--- Exercise materials ---
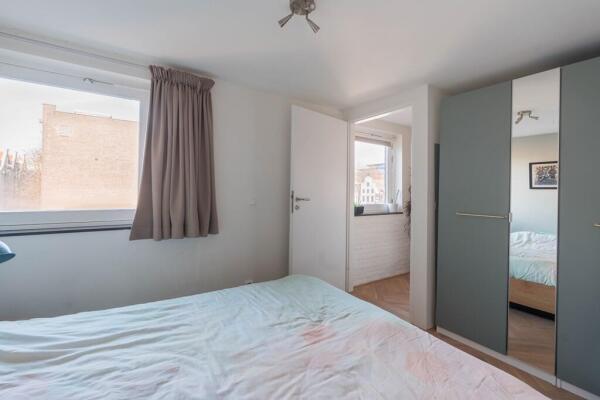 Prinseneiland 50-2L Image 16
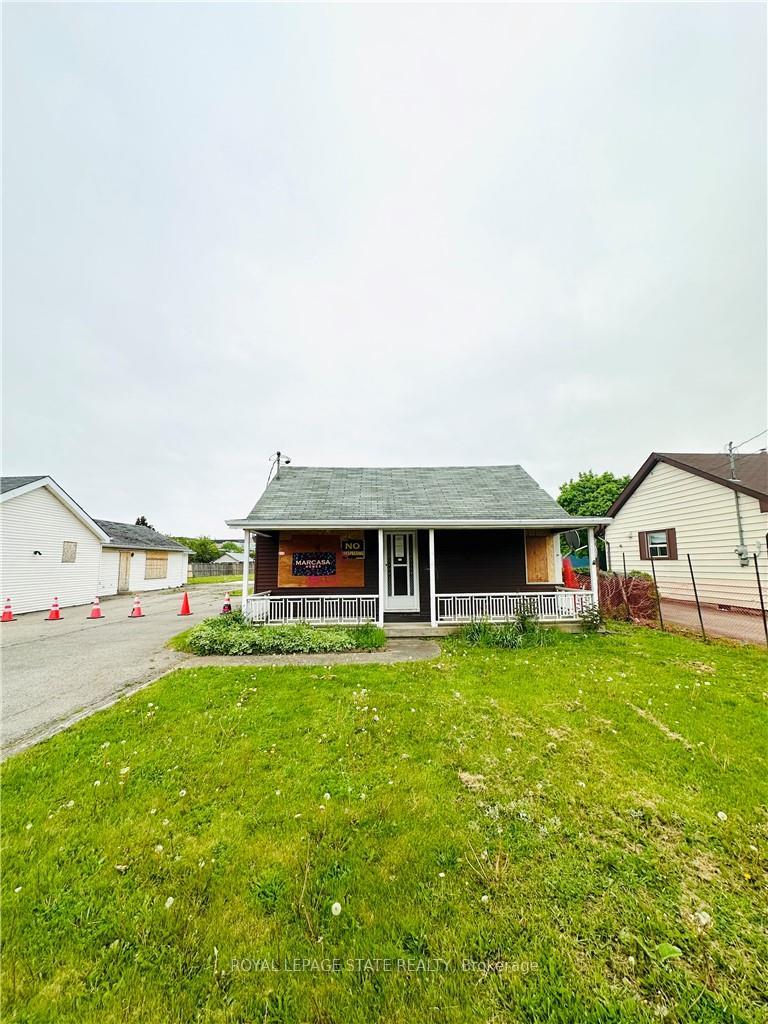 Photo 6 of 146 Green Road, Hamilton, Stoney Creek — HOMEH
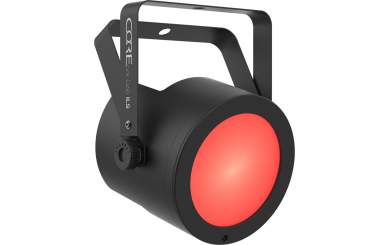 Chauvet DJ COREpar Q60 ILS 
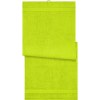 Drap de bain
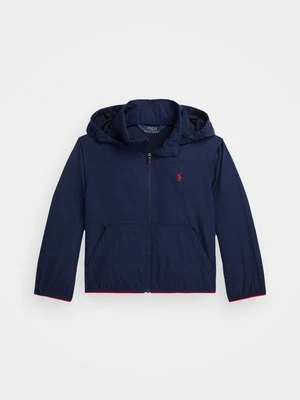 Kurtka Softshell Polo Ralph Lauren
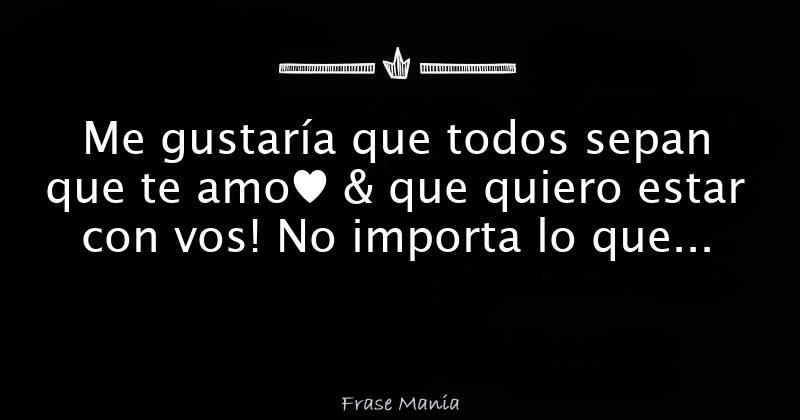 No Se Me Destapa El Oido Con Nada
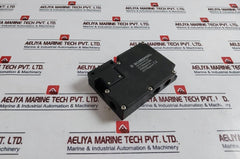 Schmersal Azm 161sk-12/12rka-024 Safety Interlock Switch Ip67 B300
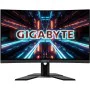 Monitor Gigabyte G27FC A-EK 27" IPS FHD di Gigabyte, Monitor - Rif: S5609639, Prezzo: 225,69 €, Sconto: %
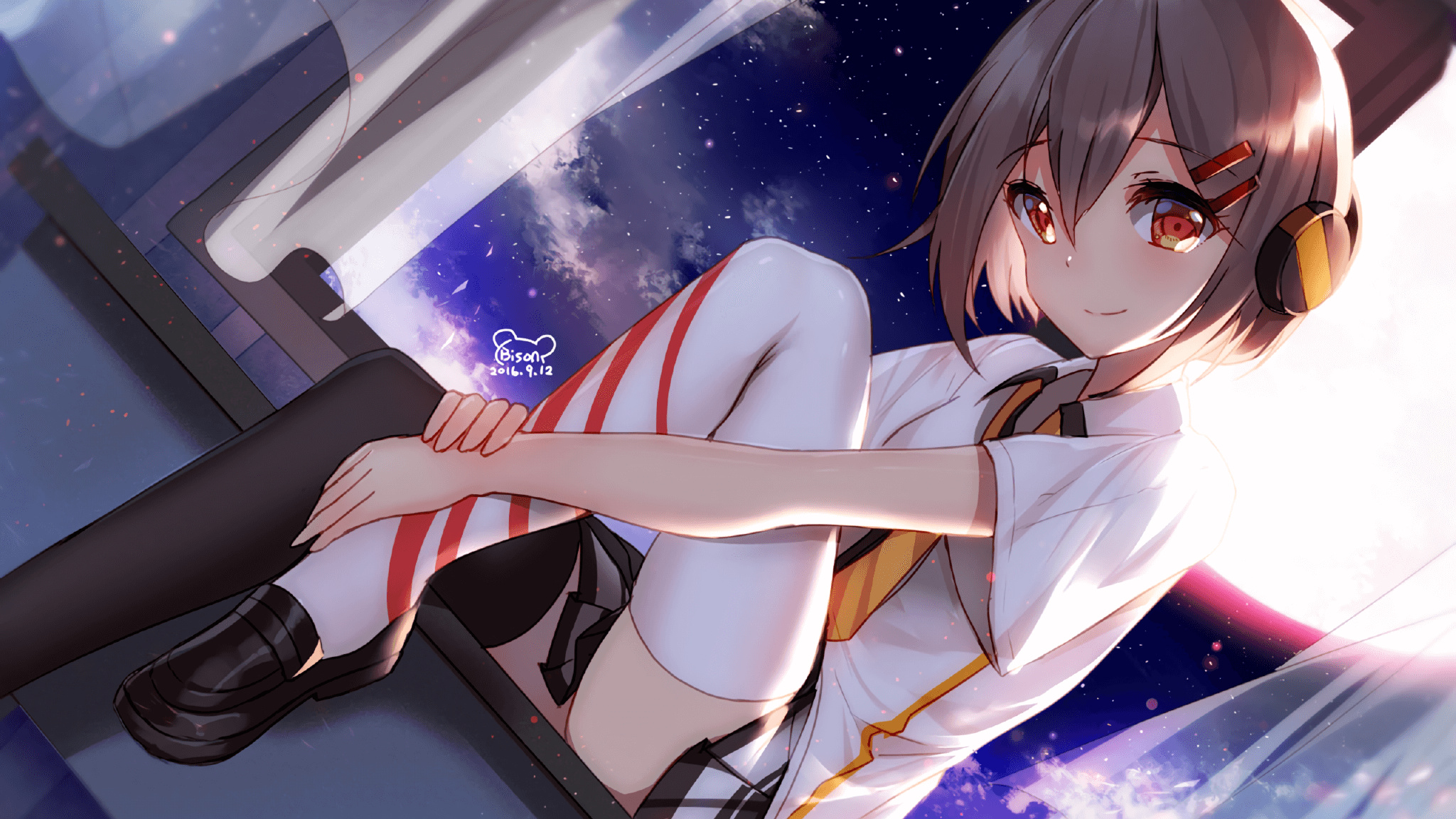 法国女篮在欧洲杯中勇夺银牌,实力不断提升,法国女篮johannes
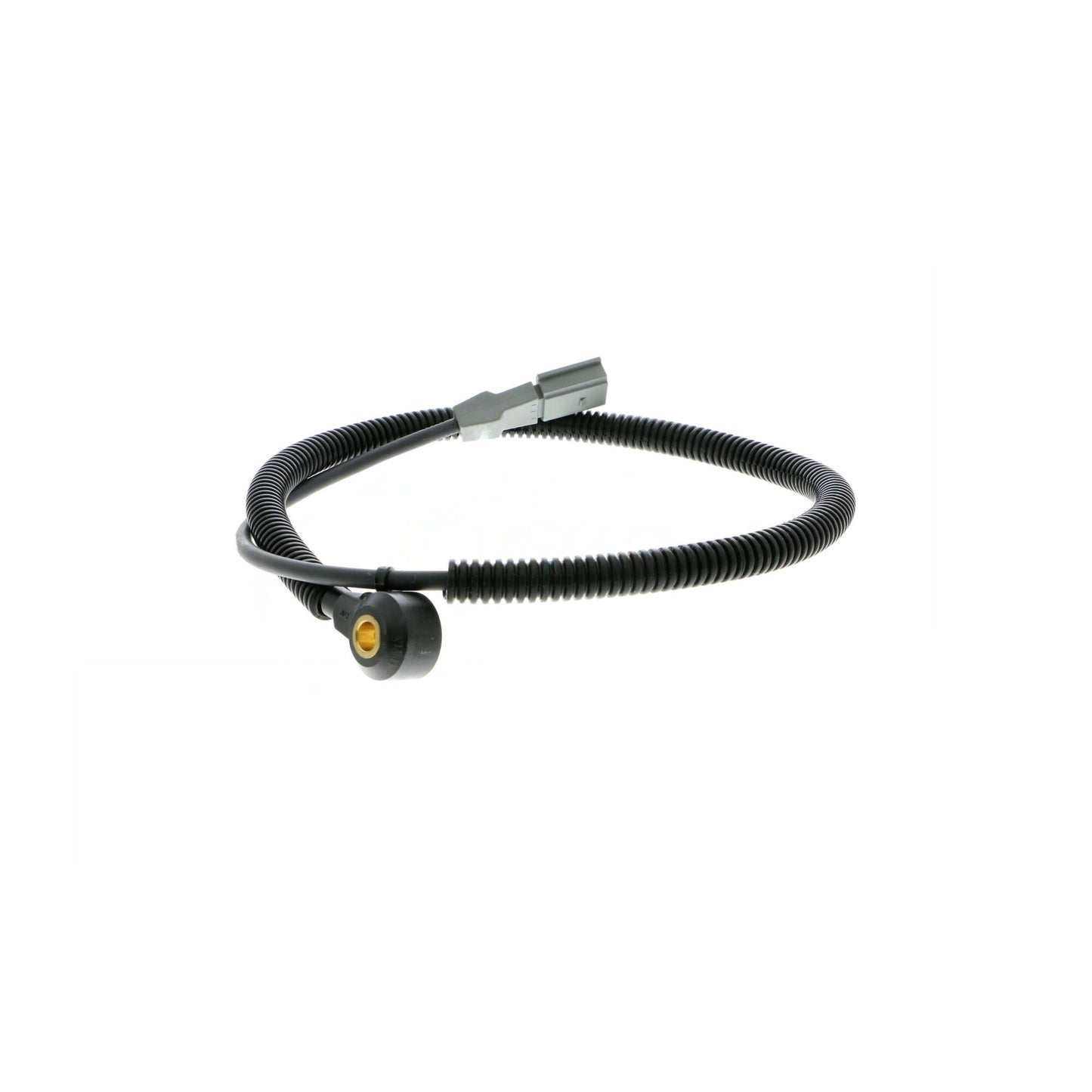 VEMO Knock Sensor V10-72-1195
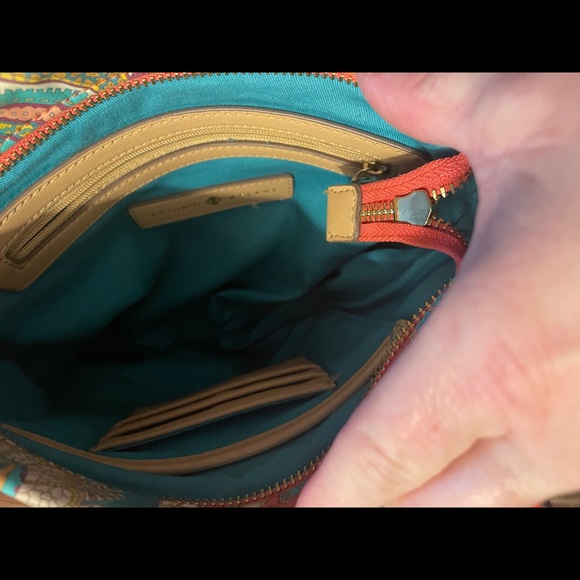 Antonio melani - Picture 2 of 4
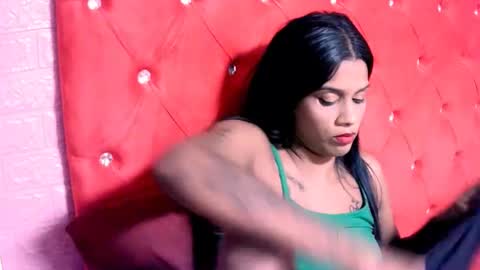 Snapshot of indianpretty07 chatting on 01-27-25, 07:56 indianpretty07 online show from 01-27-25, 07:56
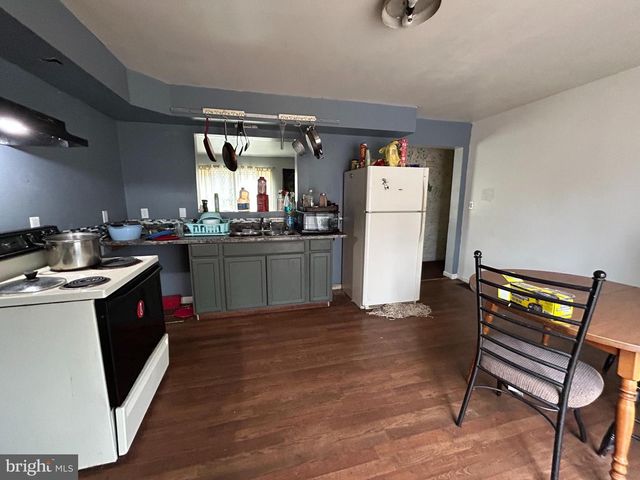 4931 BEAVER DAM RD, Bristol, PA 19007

--- Assignment ---
Leave out all pictures and output each line exactly, from the top of the records through the line that holds "Schmersal Azm 161sk-12/12rka-024".

--- Task result ---
 Prinseneiland 50-2L Image 16
 Photo 6 of 146 Green Road, Hamilton, Stoney Creek — HOMEH
 Chauvet DJ COREpar Q60 ILS 
 Drap de bain
 Kurtka Softshell Polo Ralph Lauren
 No Se Me Destapa El Oido Con Nada
 Schmersal Azm 161sk-12/12rka-024 Safety Interlock Switch Ip67 B300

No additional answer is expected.